◆ **Problem description**: Copy every record word for word. The images stay behind.

◆ **Dataset records**:
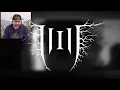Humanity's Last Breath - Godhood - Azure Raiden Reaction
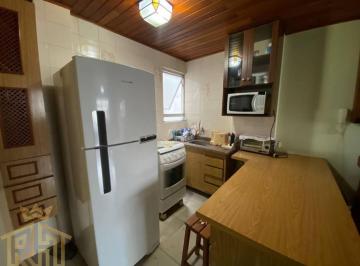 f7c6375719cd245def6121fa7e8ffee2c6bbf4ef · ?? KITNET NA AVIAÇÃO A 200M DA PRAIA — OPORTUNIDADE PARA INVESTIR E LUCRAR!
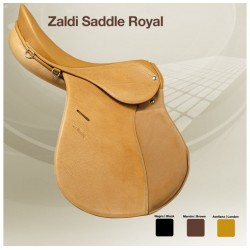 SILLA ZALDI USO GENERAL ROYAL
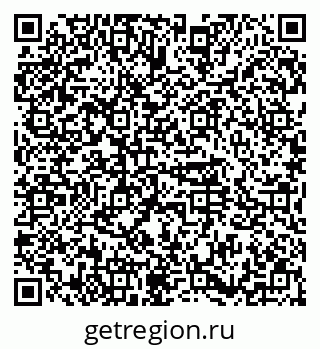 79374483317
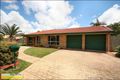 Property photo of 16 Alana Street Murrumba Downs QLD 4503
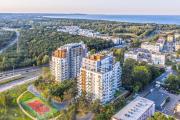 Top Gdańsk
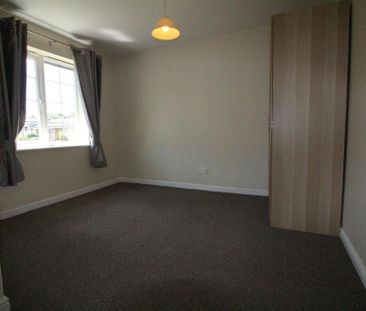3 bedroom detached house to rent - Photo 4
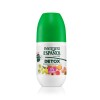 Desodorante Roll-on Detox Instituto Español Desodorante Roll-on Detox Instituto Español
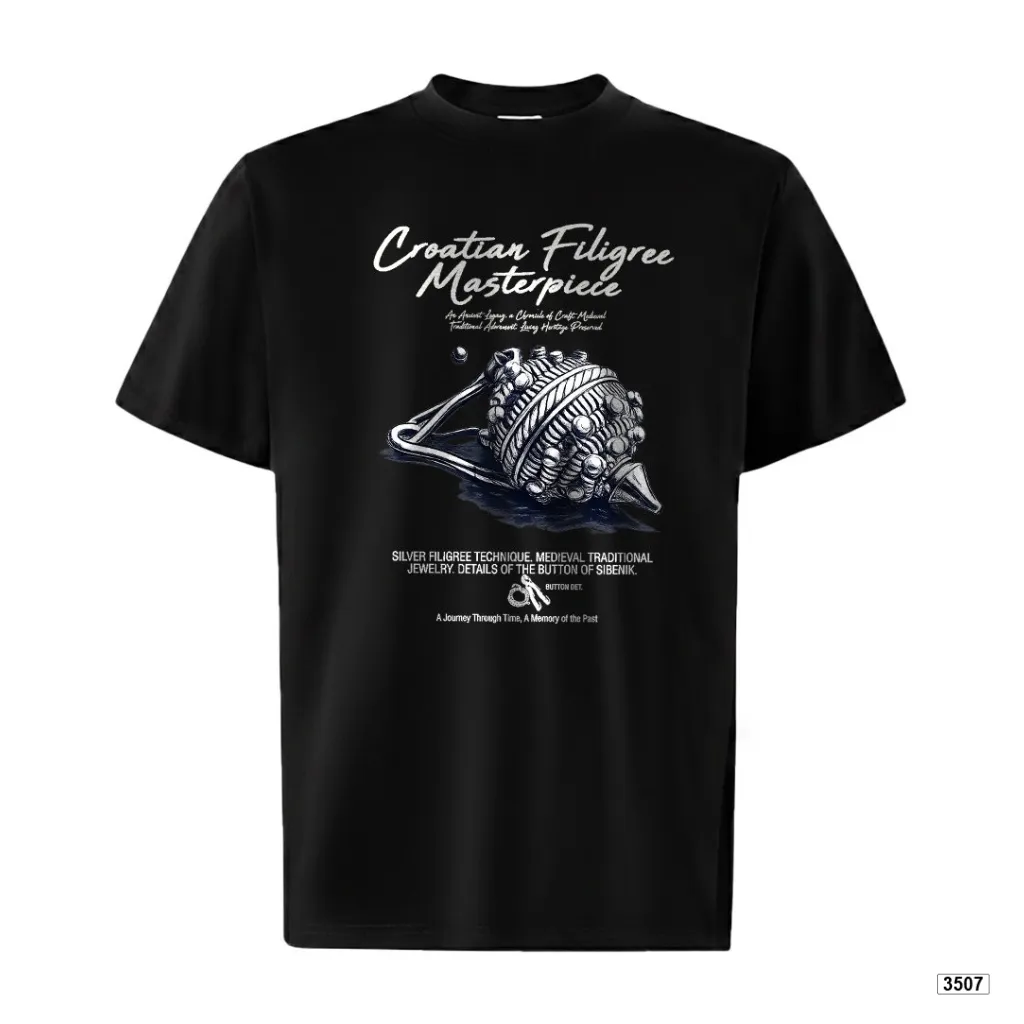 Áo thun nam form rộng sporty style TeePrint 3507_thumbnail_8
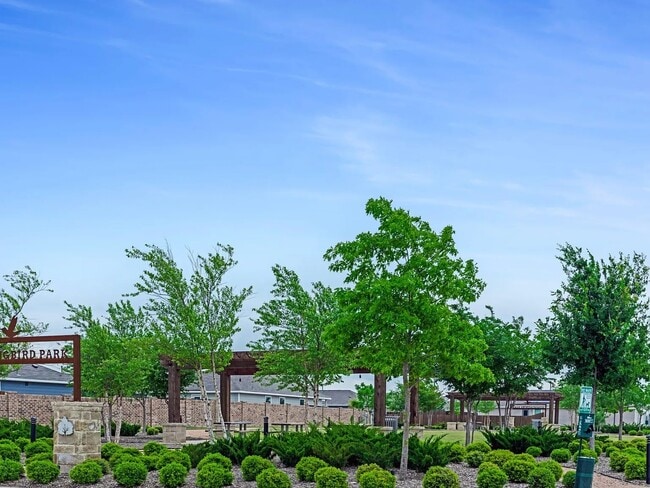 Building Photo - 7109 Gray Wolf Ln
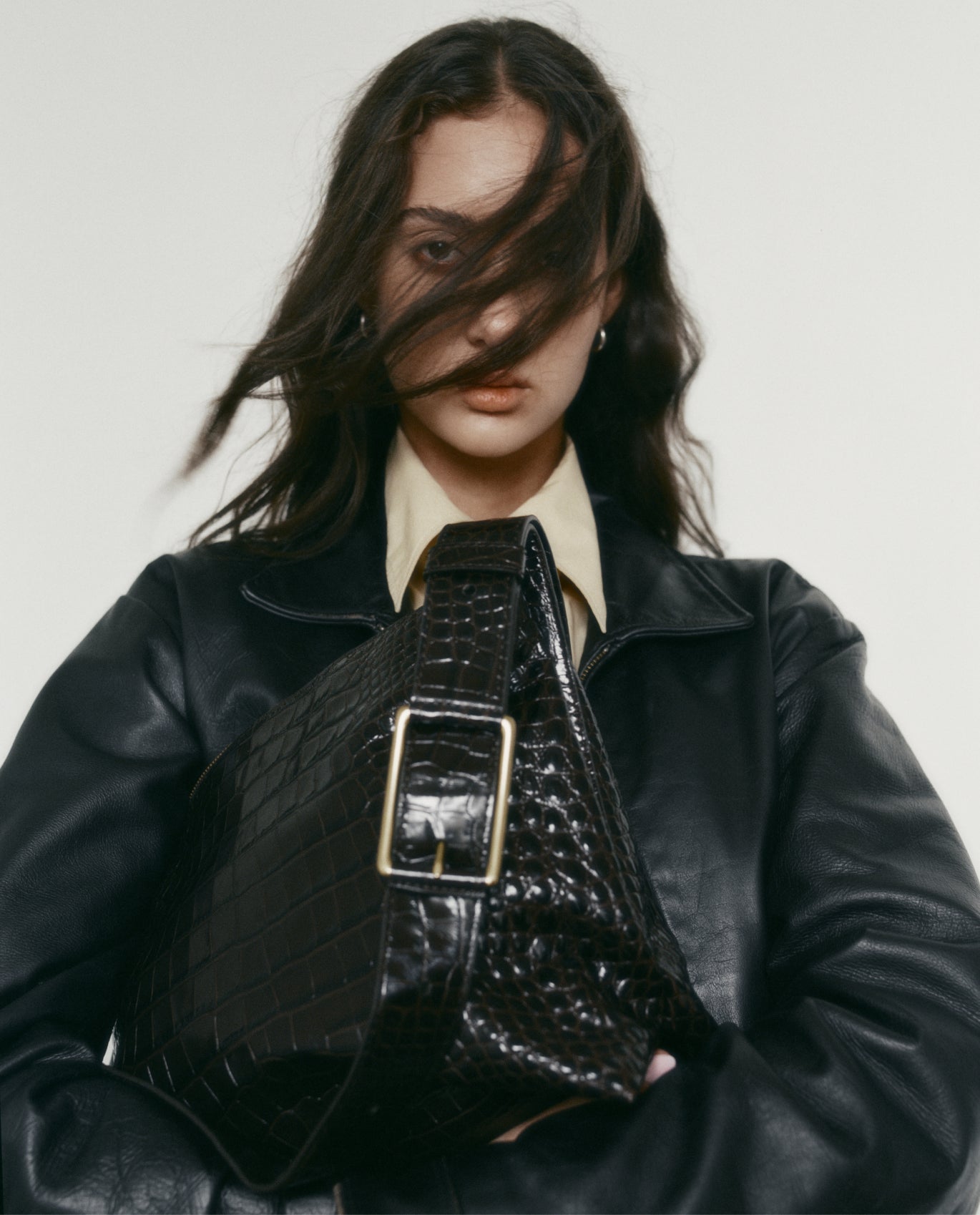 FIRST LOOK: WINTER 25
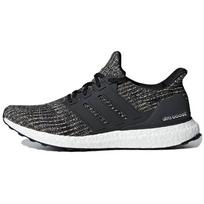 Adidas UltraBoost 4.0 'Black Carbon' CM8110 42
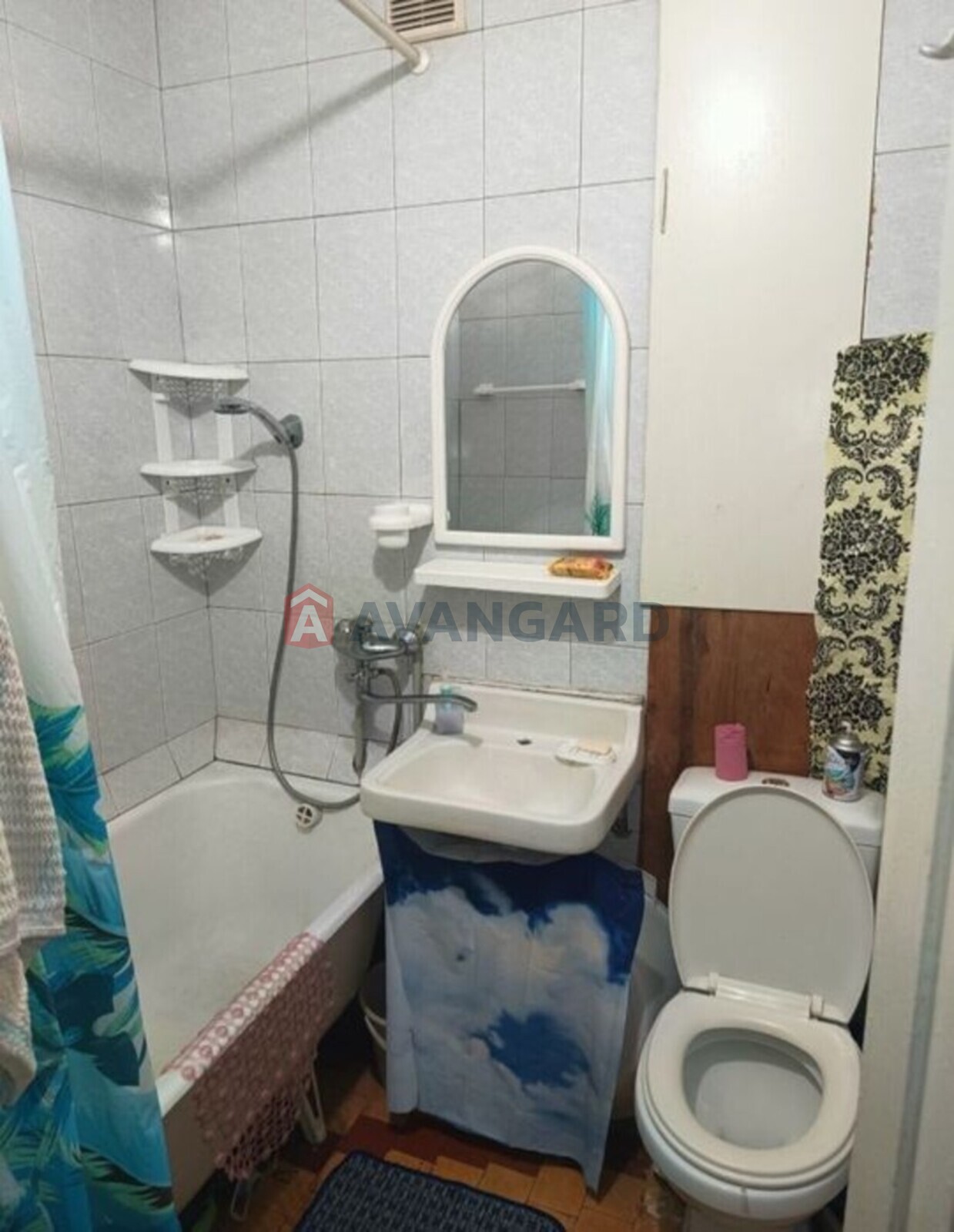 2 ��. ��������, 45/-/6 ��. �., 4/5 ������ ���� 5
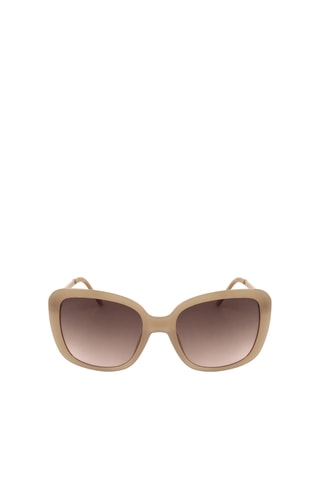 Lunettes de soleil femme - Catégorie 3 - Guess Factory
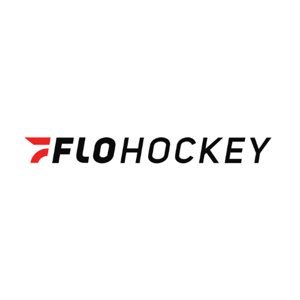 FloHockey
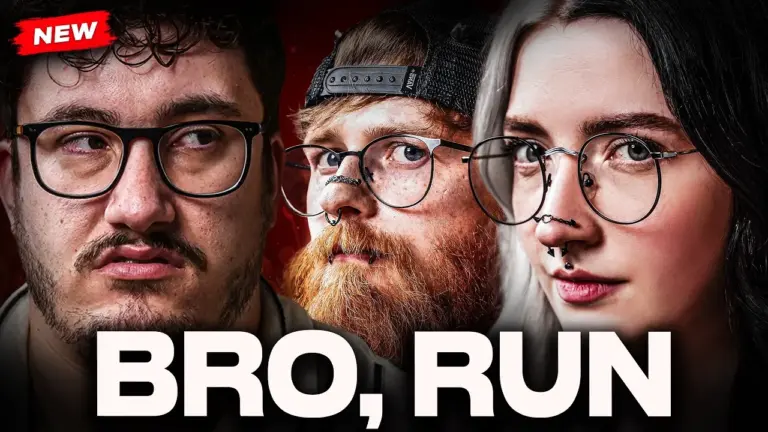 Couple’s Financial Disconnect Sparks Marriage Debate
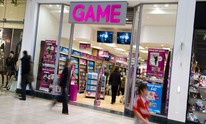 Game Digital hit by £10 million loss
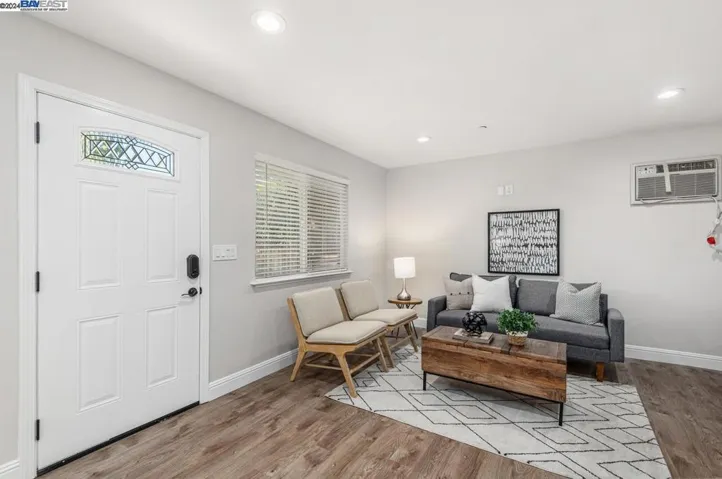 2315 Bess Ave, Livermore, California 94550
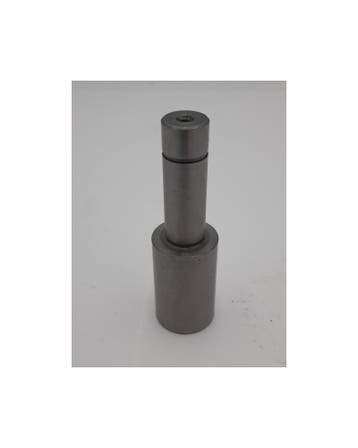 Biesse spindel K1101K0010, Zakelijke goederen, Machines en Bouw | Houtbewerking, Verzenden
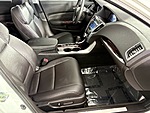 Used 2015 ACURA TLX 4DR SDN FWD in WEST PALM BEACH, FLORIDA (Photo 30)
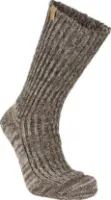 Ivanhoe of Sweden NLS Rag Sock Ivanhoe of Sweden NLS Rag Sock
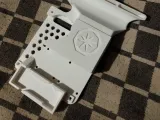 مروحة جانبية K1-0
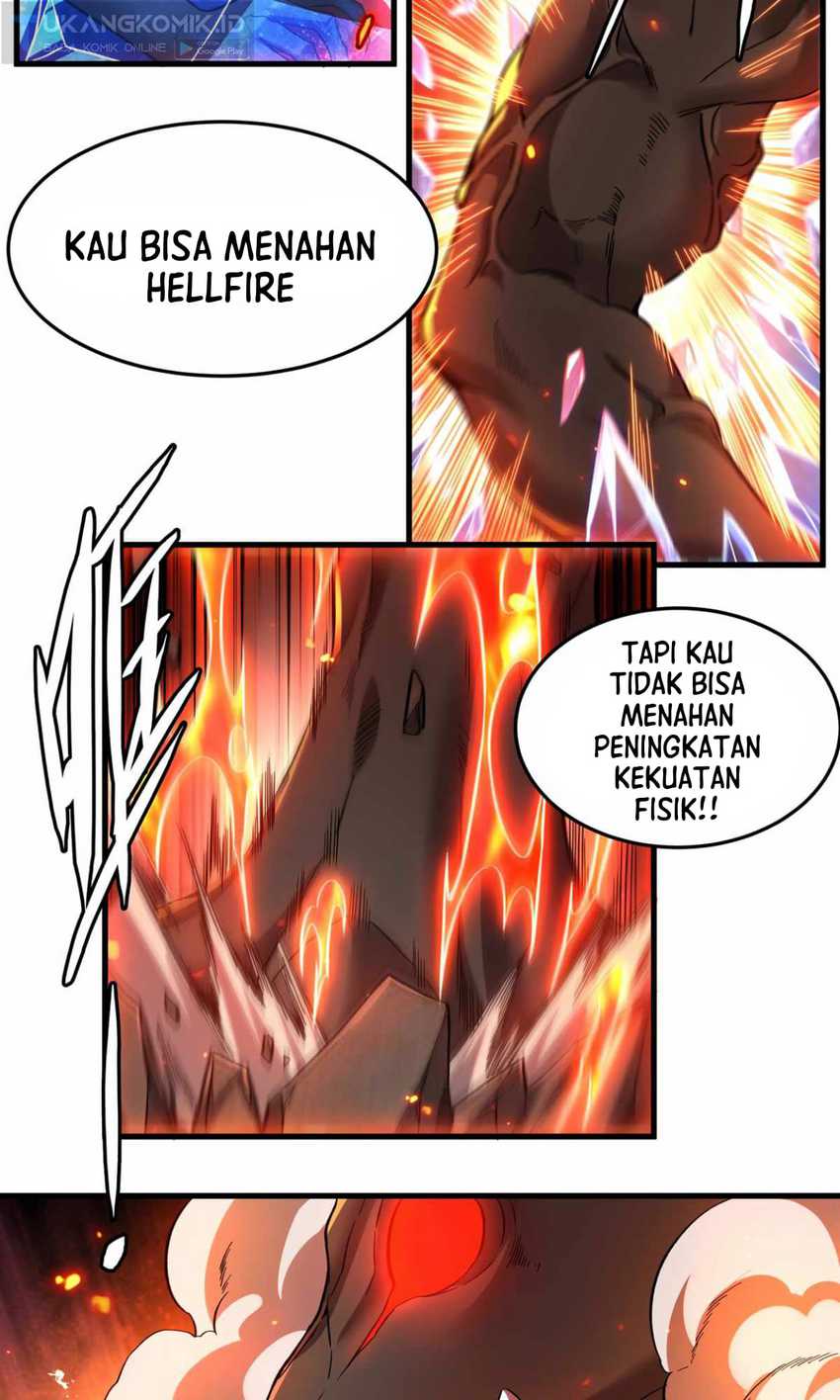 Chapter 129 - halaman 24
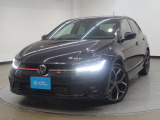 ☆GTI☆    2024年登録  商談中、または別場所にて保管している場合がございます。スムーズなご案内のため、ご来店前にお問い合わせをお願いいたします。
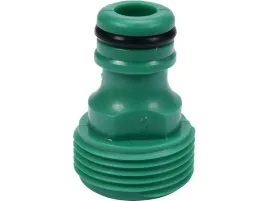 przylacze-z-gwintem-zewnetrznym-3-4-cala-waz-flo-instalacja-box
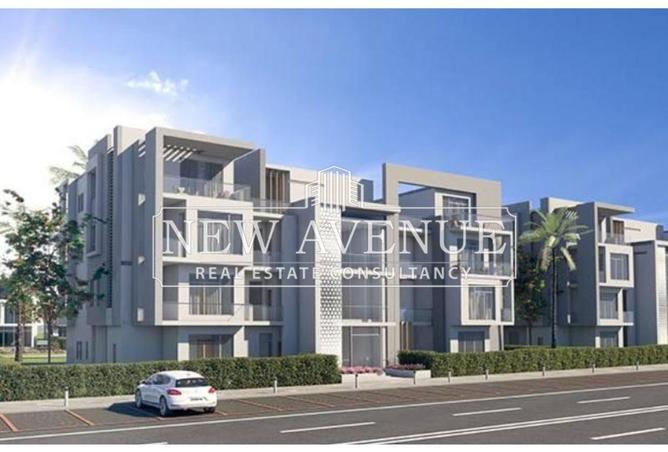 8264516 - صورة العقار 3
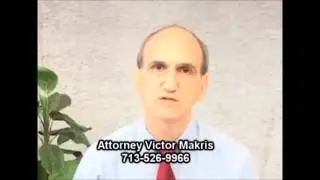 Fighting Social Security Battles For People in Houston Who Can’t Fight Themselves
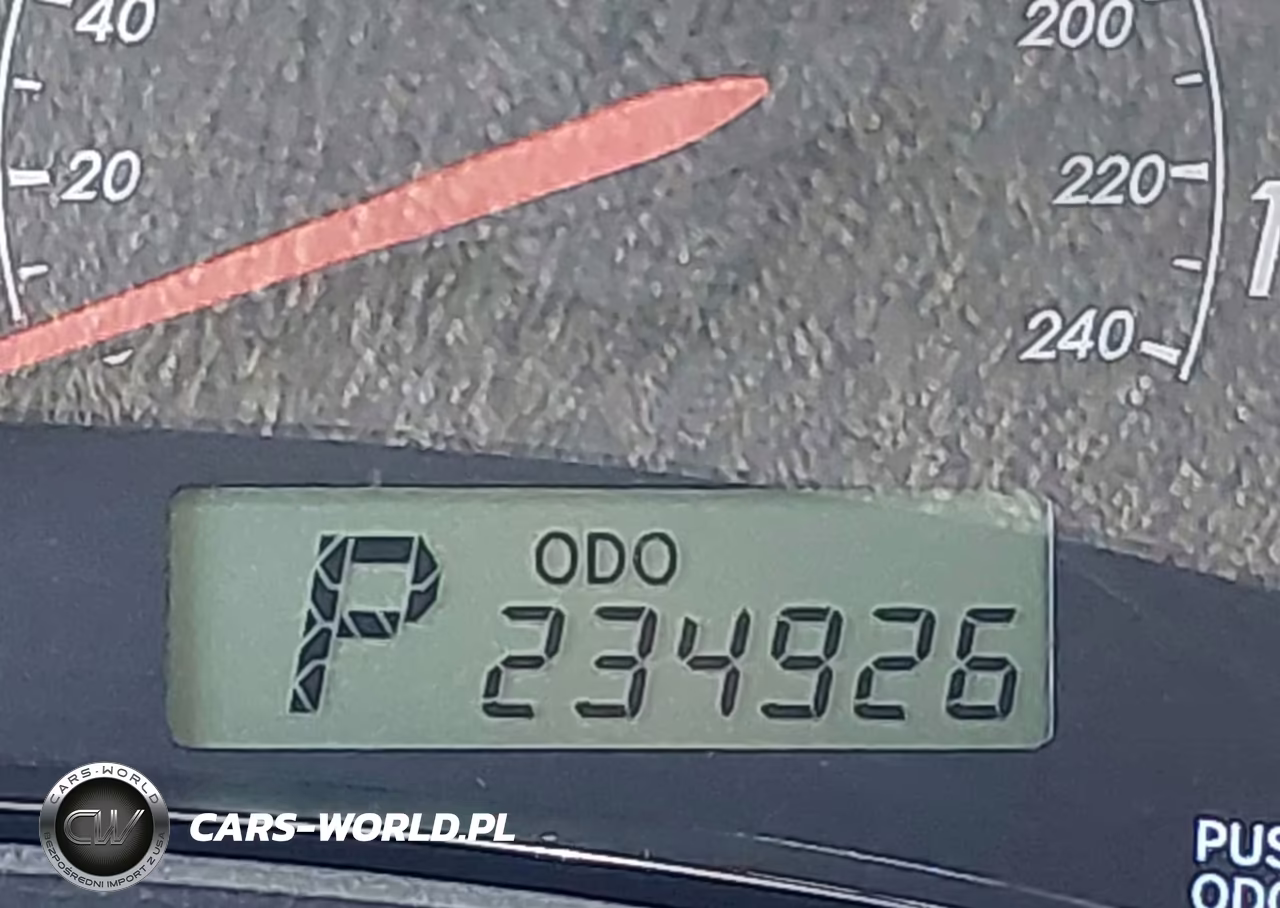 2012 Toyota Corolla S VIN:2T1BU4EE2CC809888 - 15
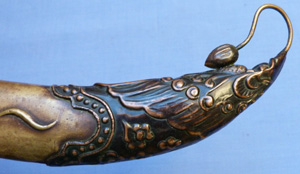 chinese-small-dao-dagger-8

◆ **Response below**:
Humanity's Last Breath - Godhood - Azure Raiden Reaction
 f7c6375719cd245def6121fa7e8ffee2c6bbf4ef · ?? KITNET NA AVIAÇÃO A 200M DA PRAIA — OPORTUNIDADE PARA INVESTIR E LUCRAR!
 SILLA ZALDI USO GENERAL ROYAL
 79374483317
 Property photo of 16 Alana Street Murrumba Downs QLD 4503
 Top Gdańsk
3 bedroom detached house to rent - Photo 4
 Desodorante Roll-on Detox Instituto Español Desodorante Roll-on Detox Instituto Español
 Áo thun nam form rộng sporty style TeePrint 3507_thumbnail_8
 Building Photo - 7109 Gray Wolf Ln
 FIRST LOOK: WINTER 25
 Adidas UltraBoost 4.0 'Black Carbon' CM8110 42
 2 ��. ��������, 45/-/6 ��. �., 4/5 ������ ���� 5
 Lunettes de soleil femme - Catégorie 3 - Guess Factory
 FloHockey
 Couple’s Financial Disconnect Sparks Marriage Debate
 Game Digital hit by £10 million loss
 2315 Bess Ave, Livermore, California 94550
 Biesse spindel K1101K0010, Zakelijke goederen, Machines en Bouw | Houtbewerking, Verzenden
 Used 2015 ACURA TLX 4DR SDN FWD in WEST PALM BEACH, FLORIDA (Photo 30)
 Ivanhoe of Sweden NLS Rag Sock Ivanhoe of Sweden NLS Rag Sock
 مروحة جانبية K1-0
 Chapter 129 - halaman 24
 ☆GTI☆    2024年登録  商談中、または別場所にて保管している場合がございます。スムーズなご案内のため、ご来店前にお問い合わせをお願いいたします。
 przylacze-z-gwintem-zewnetrznym-3-4-cala-waz-flo-instalacja-box
 8264516 - صورة العقار 3
 Fighting Social Security Battles For People in Houston Who Can’t Fight Themselves
 2012 Toyota Corolla S VIN:2T1BU4EE2CC809888 - 15
 chinese-small-dao-dagger-8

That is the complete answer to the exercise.